A week after the original test the first bulk supplies of anti-bacteria were poured into the sea at ten points on the Azaran coast, carefully selected after a study of tidal currents. The effect was noticeable within twelve hours.
Fleming, who had been allowed to go with Dawnay to the coast, stood at the edge of the water, where the desert sloped down to make long golden beaches, and watched fascinated as the great nitrogen bubbles came bursting to the surface of the waves. Even the storminess of the sea could not hide them, and in his lungs he could feel a tingling freshness of regenerated air.
He and Dawnay drove back on the third day. 'Now we must try to smuggle out some of the stuff with Neilson,' she said. 'This is all very fine, but it's merely local, and as you see, the weather remains quite unaffected by such a minor activity.'
'No hope of Intel sending it?' Fleming peered through a windscreen opaque from a sudden downpour of hail and storm rain.

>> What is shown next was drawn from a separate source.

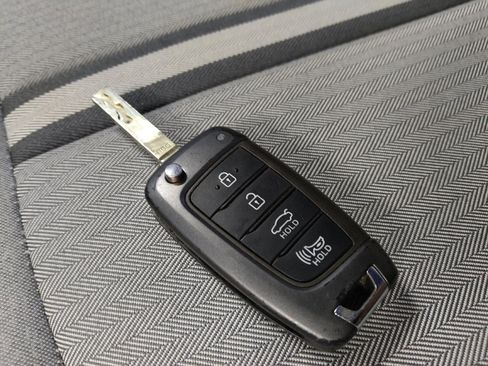 Used 2022 Hyundai Sonata SE FWD image 32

'Not a chance,' Dawnay replied. 'They won't release it to anyone except on their own terms. And what those terms are they haven't yet said. But I can imagine.' Her words were drowned in a scream of wind which made the car shudder.

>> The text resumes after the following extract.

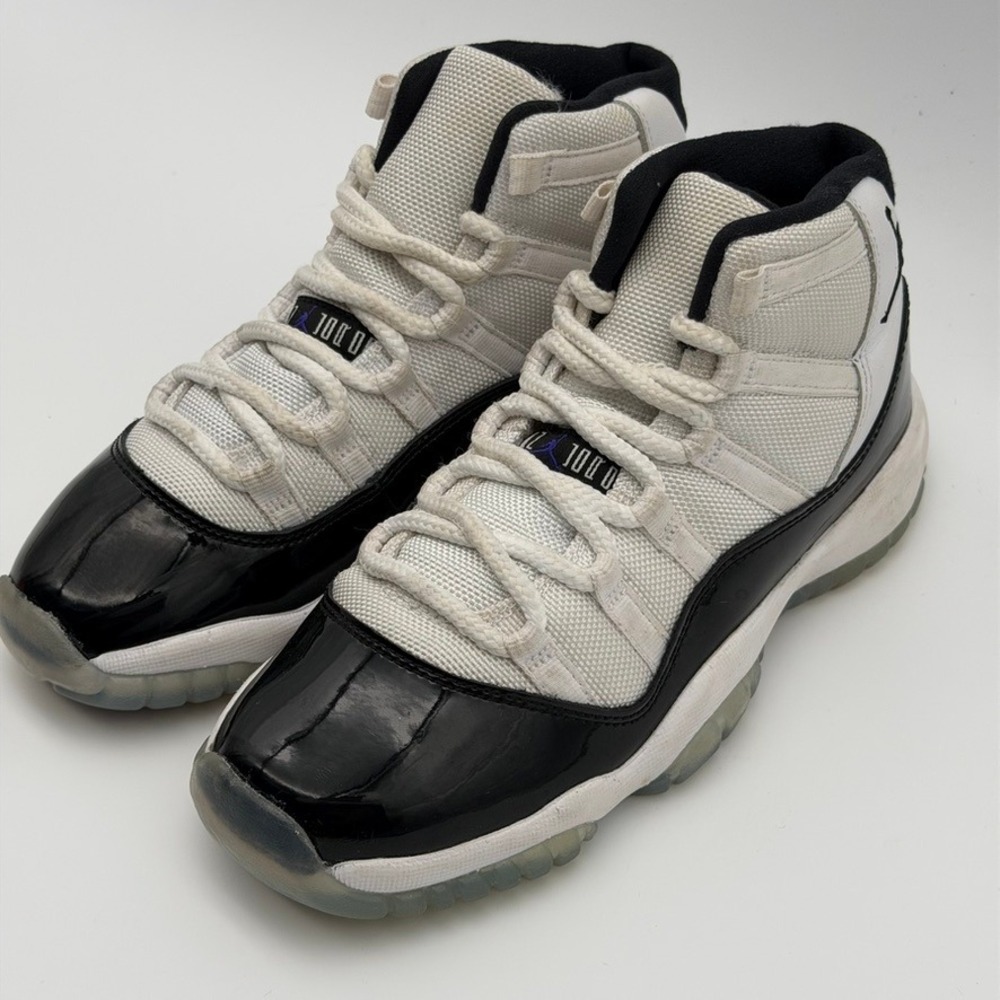 Jordan 11 Retro Concord 378038-100 4Y - Picture 12 of 13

'The weather's worse,' she said, and there was a streak of alarm in her voice. 'I wonder if we're doing right, after all.
You see what's happening, John?'
He nodded, leaning forward to see the blurred image of the road. 'We're treating the sea around here and nowhere else. Millions of cubic feet of nitrogen are being released. It's building up a cone of high pressure in a localised zone; everywhere else the pressure's dam' nigh a vacuum, and the original bacteria will be sucking in the nitrogen as fast as we can pump it out. We'll never win this way, all we'll do is breed hurricanes.'
'God, how futile and helpless it all makes one feel,' muttered Dawnay.
For an hour Fleming drove on in silence, concentrating on keeping the car going in a land which was just a kaleidoscope of rain, mud, and wind.
Some ten miles from Baleb the wind dropped, though the rain continued. The air was abnormally clear, giving an illusion that objects were nearer than in fact they were.
'Look at that!' Fleming jerked his head towards the mountains along the horizon.
They stood out sharp and clear, lighter in colour than the purplish black clouds swirling above the crests. And right above them rose an immense spiral of greyish cloud, the top mushrooming and changing shape all the time.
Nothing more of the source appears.